→ **ACTION ITEM**: Retype the data that follows exactly. No pictures belong in the copy.

——

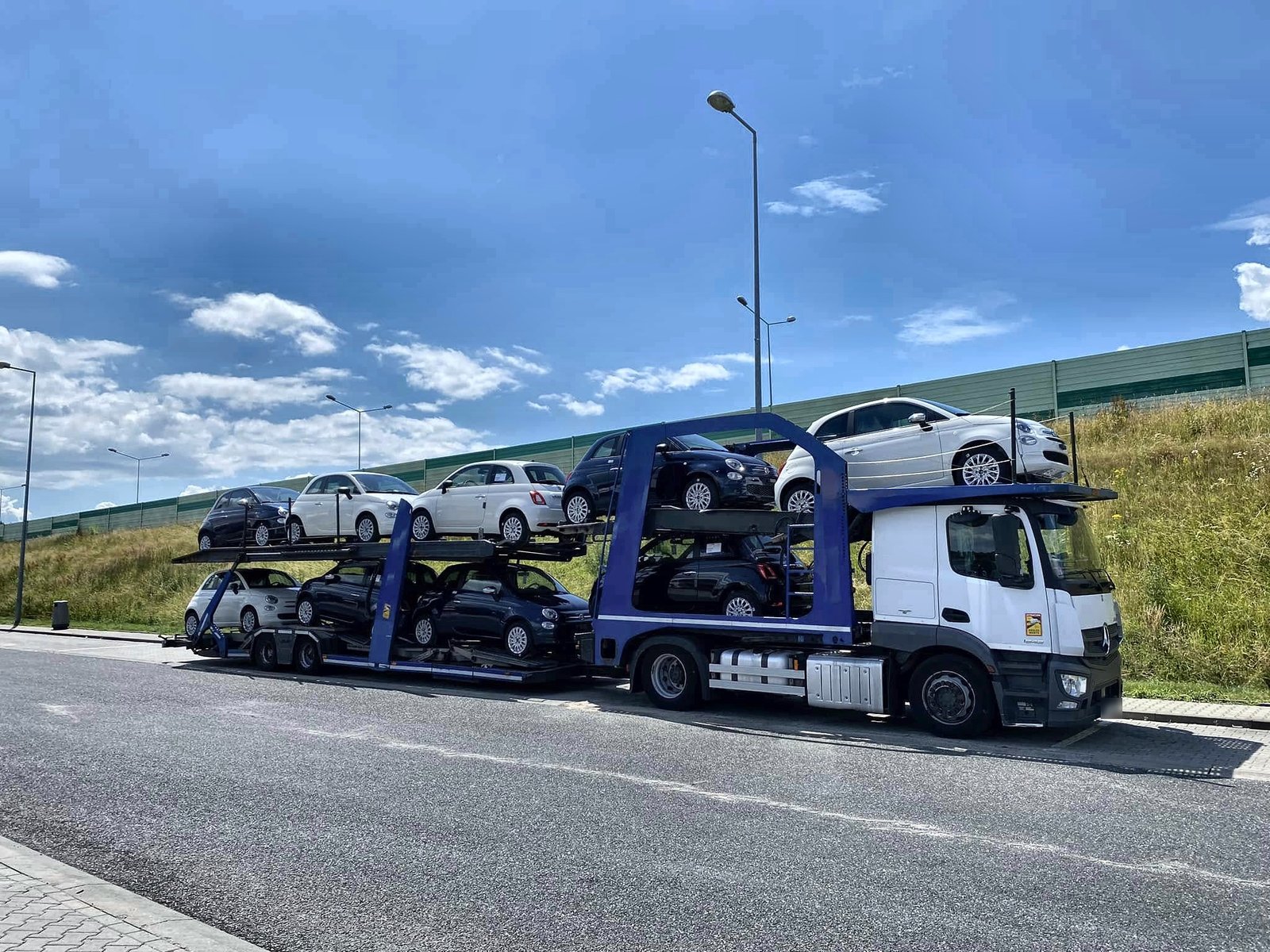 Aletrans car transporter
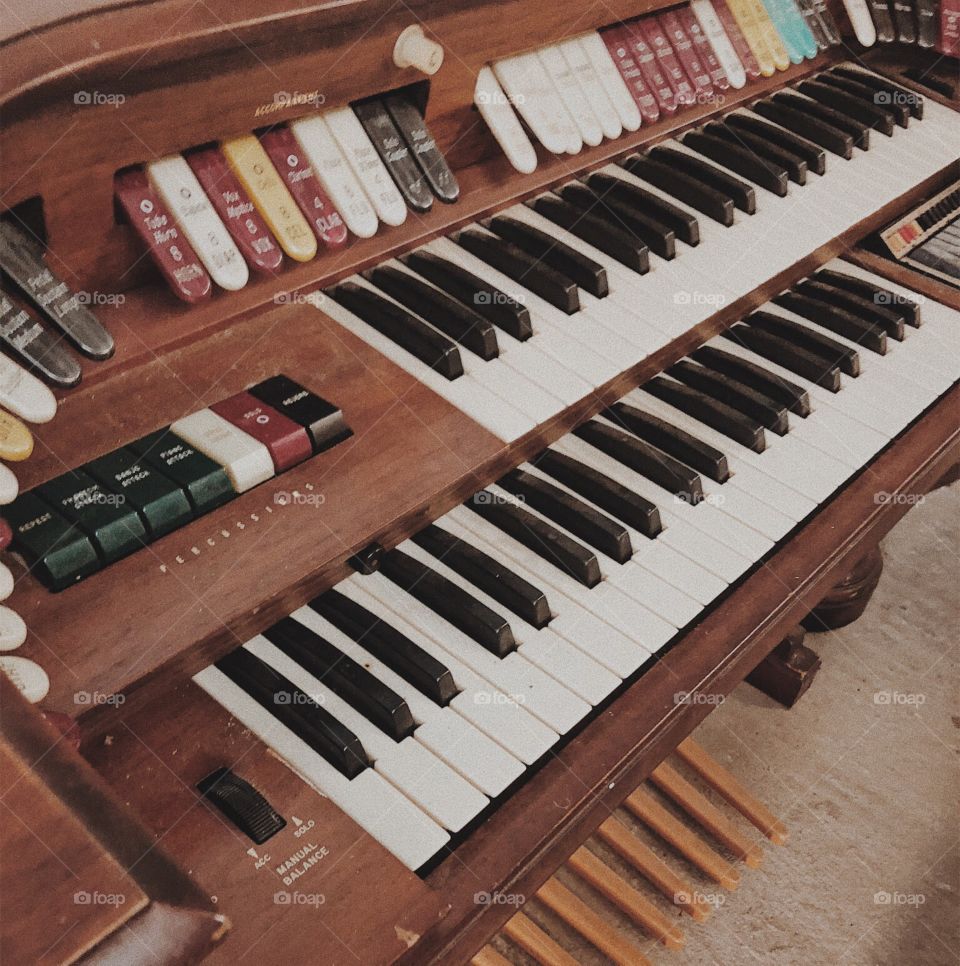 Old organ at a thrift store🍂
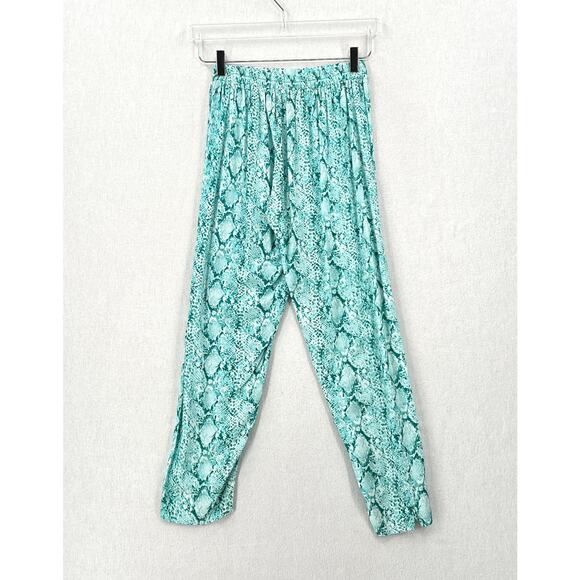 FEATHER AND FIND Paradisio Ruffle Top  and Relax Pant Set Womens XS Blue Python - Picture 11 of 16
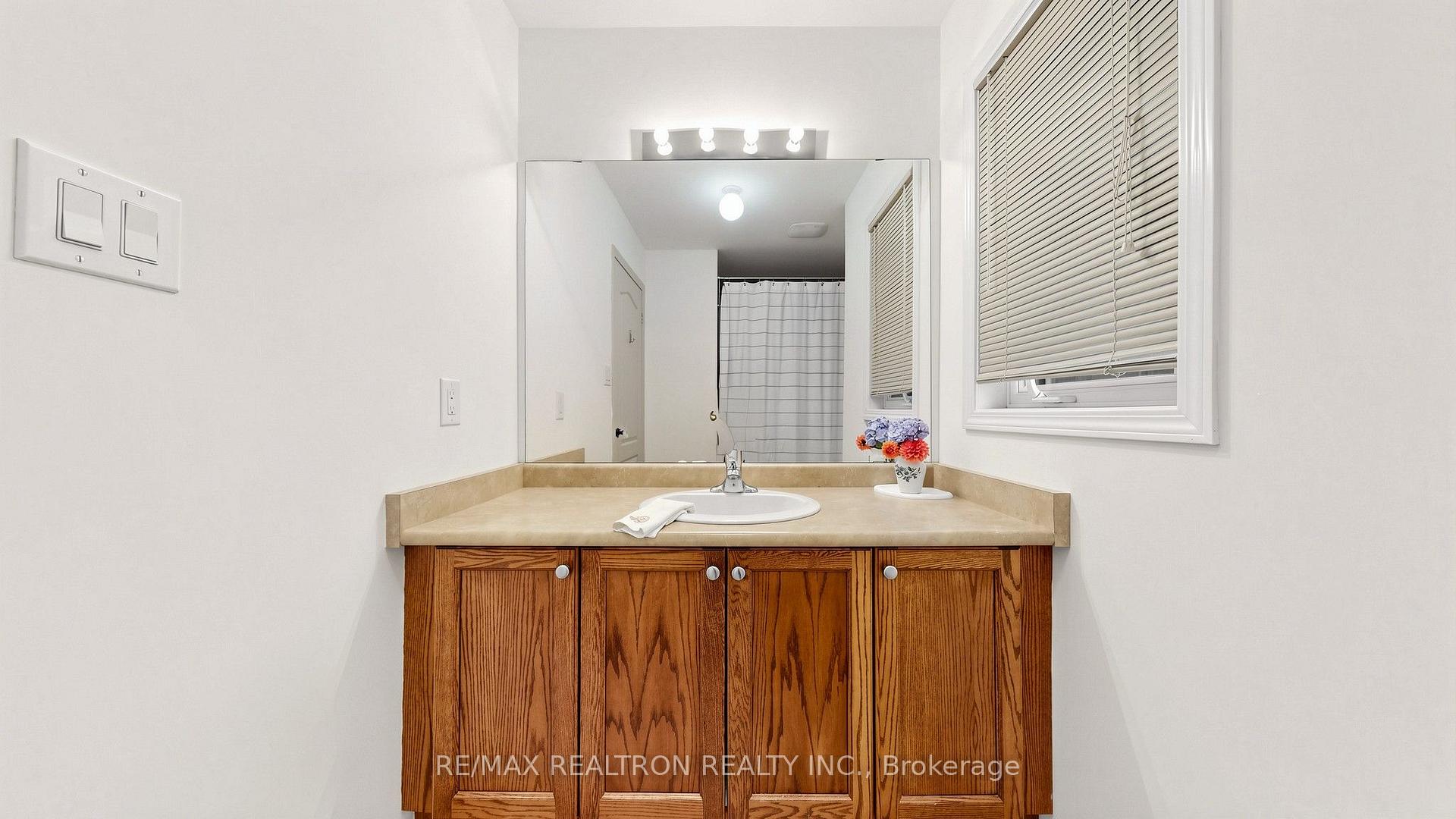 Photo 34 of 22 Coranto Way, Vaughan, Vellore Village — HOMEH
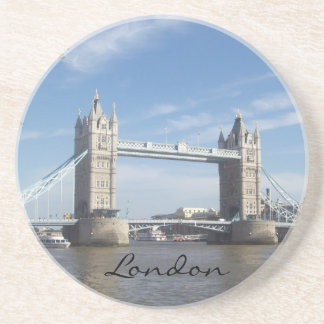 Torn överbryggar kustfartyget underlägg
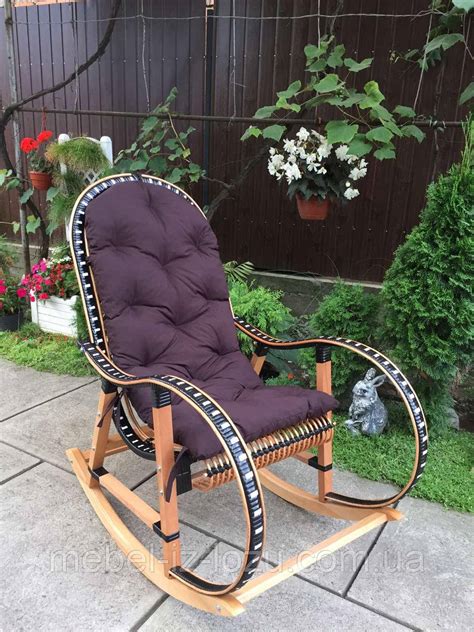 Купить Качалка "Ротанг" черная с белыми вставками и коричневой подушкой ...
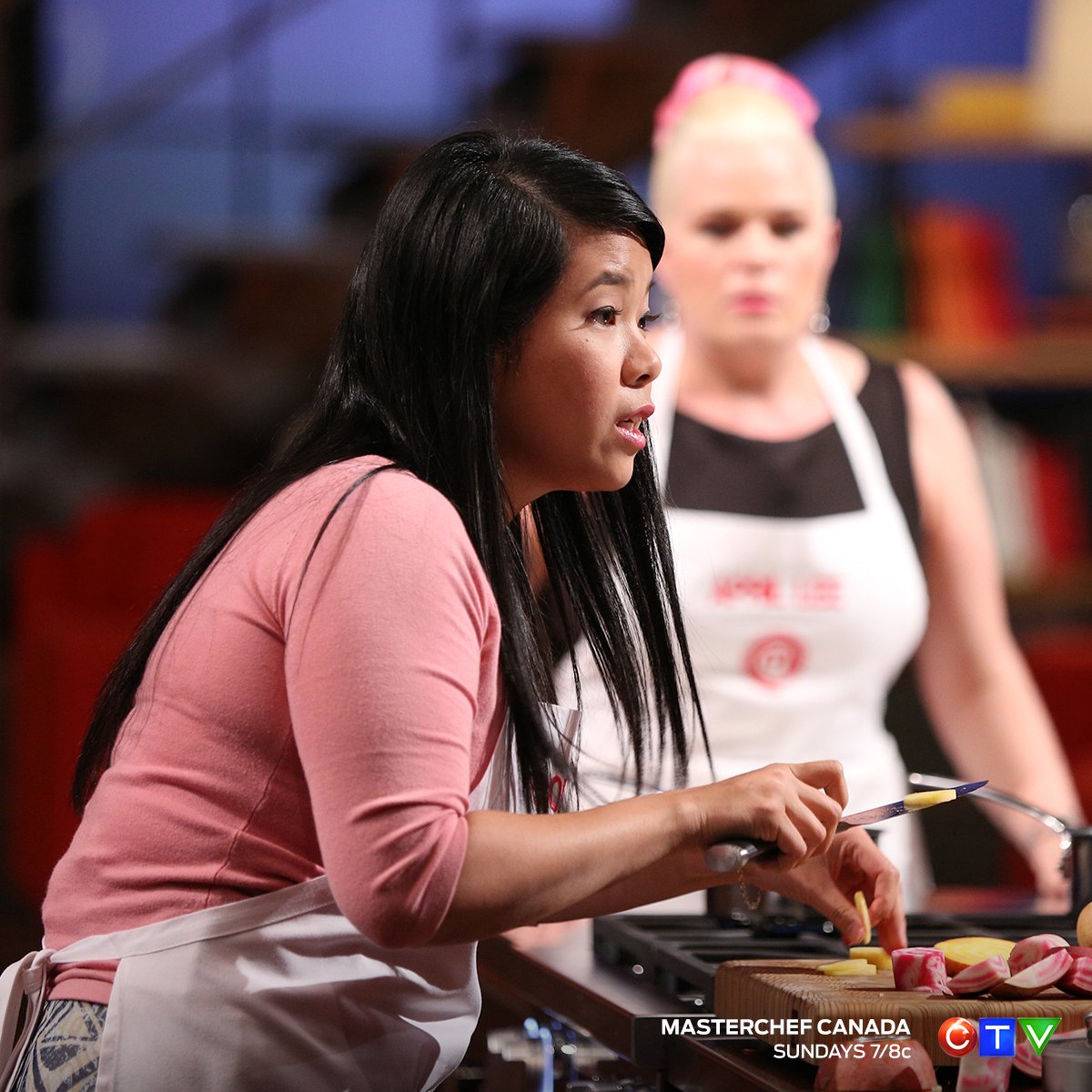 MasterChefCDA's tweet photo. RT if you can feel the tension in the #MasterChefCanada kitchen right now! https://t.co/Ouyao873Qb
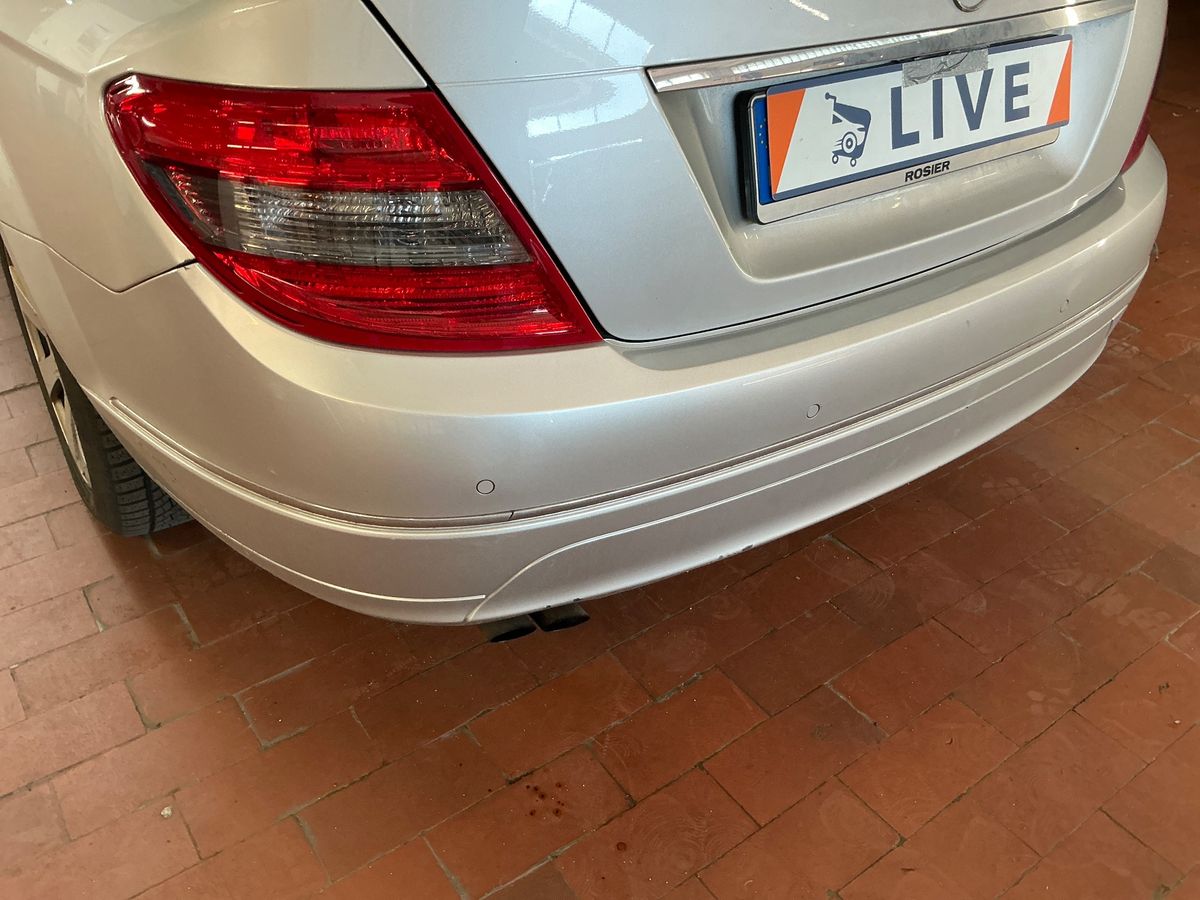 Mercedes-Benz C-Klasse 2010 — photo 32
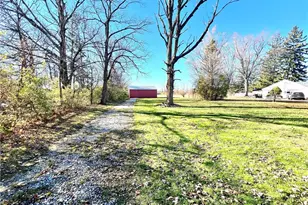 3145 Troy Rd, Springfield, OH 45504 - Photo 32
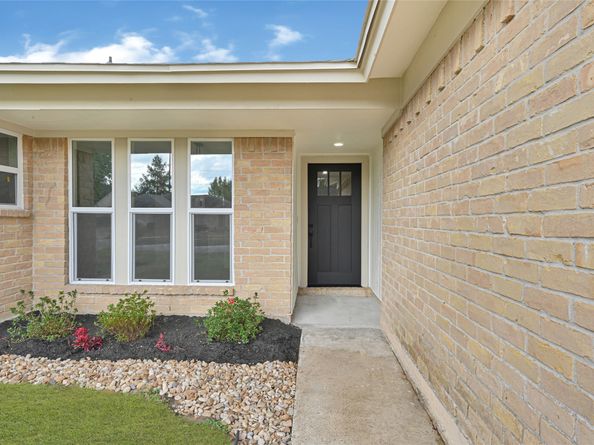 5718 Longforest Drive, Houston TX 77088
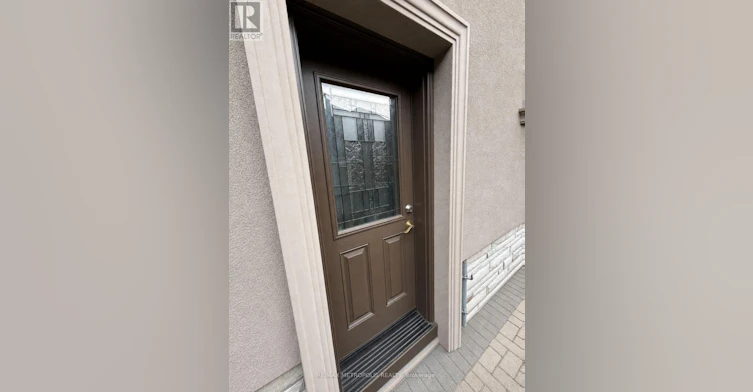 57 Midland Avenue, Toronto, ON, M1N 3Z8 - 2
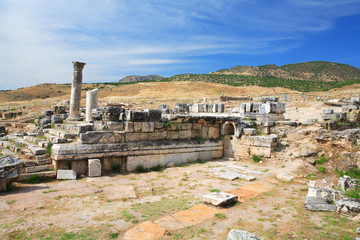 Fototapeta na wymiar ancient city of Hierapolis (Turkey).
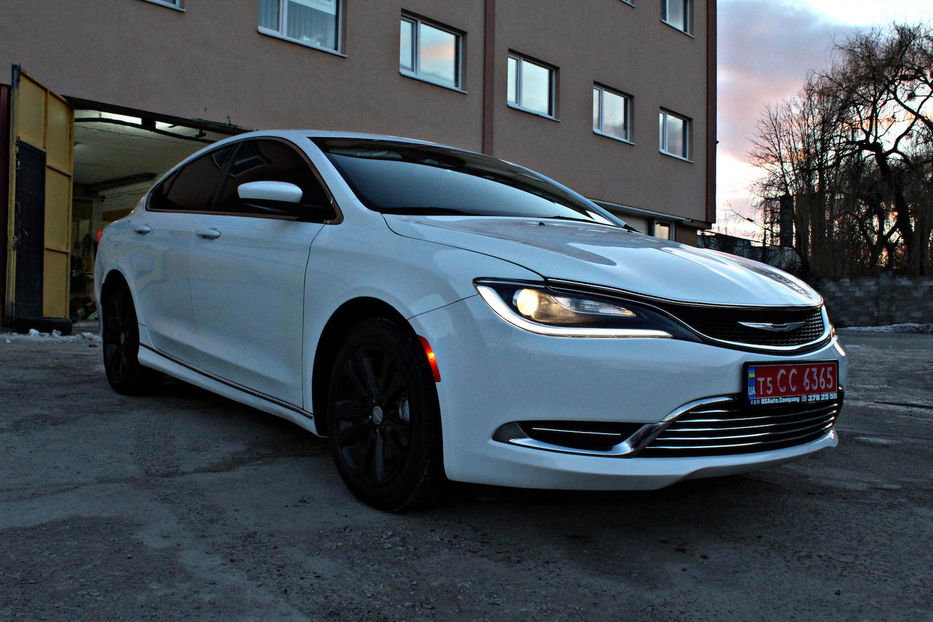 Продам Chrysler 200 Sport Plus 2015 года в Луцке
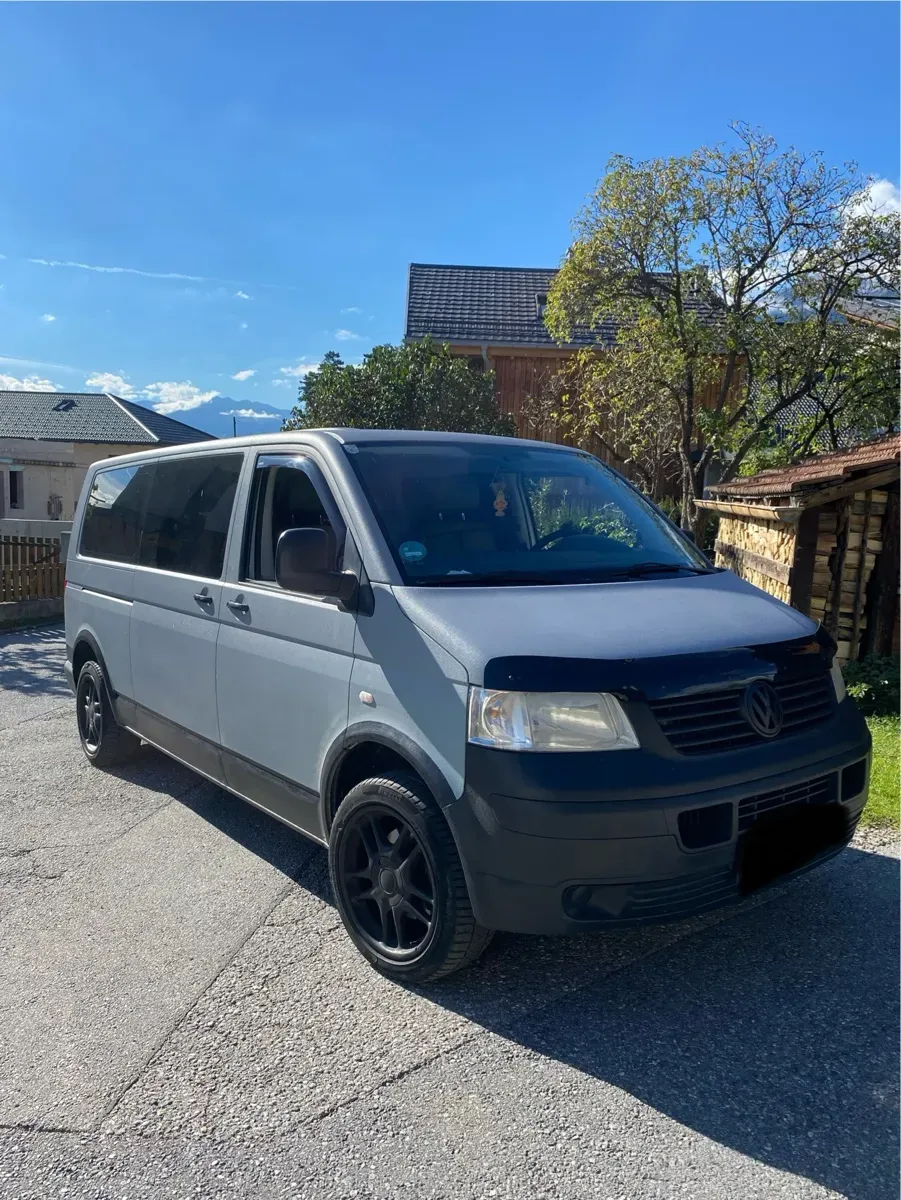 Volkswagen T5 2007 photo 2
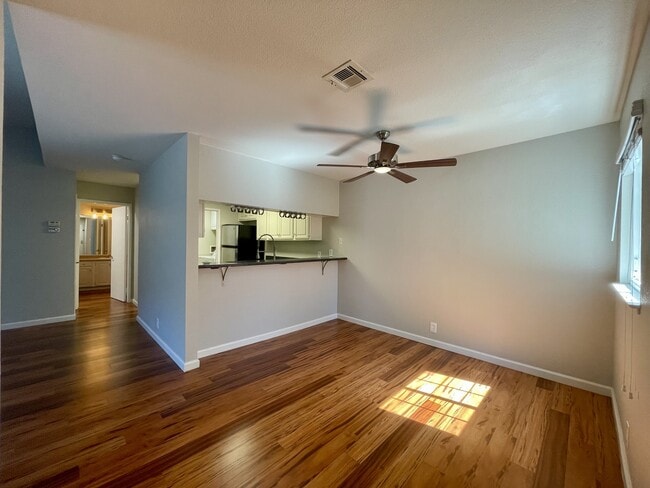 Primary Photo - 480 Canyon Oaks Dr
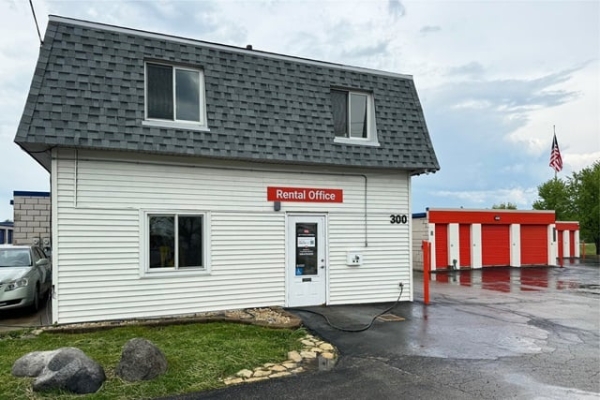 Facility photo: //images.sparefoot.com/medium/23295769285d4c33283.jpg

——

→ **ANSWER TO THE PROBLEM**:
 Aletrans car transporter
 Old organ at a thrift store🍂
 FEATHER AND FIND Paradisio Ruffle Top  and Relax Pant Set Womens XS Blue Python - Picture 11 of 16
 Photo 34 of 22 Coranto Way, Vaughan, Vellore Village — HOMEH
 Torn överbryggar kustfartyget underlägg
 Купить Качалка "Ротанг" черная с белыми вставками и коричневой подушкой ...
 MasterChefCDA's tweet photo. RT if you can feel the tension in the #MasterChefCanada kitchen right now! https://t.co/Ouyao873Qb
 Mercedes-Benz C-Klasse 2010 — photo 32
 3145 Troy Rd, Springfield, OH 45504 - Photo 32
 5718 Longforest Drive, Houston TX 77088
 57 Midland Avenue, Toronto, ON, M1N 3Z8 - 2
 Fototapeta na wymiar ancient city of Hierapolis (Turkey).
 Продам Chrysler 200 Sport Plus 2015 года в Луцке
 Volkswagen T5 2007 photo 2
 Primary Photo - 480 Canyon Oaks Dr
 Facility photo: //images.sparefoot.com/medium/23295769285d4c33283.jpg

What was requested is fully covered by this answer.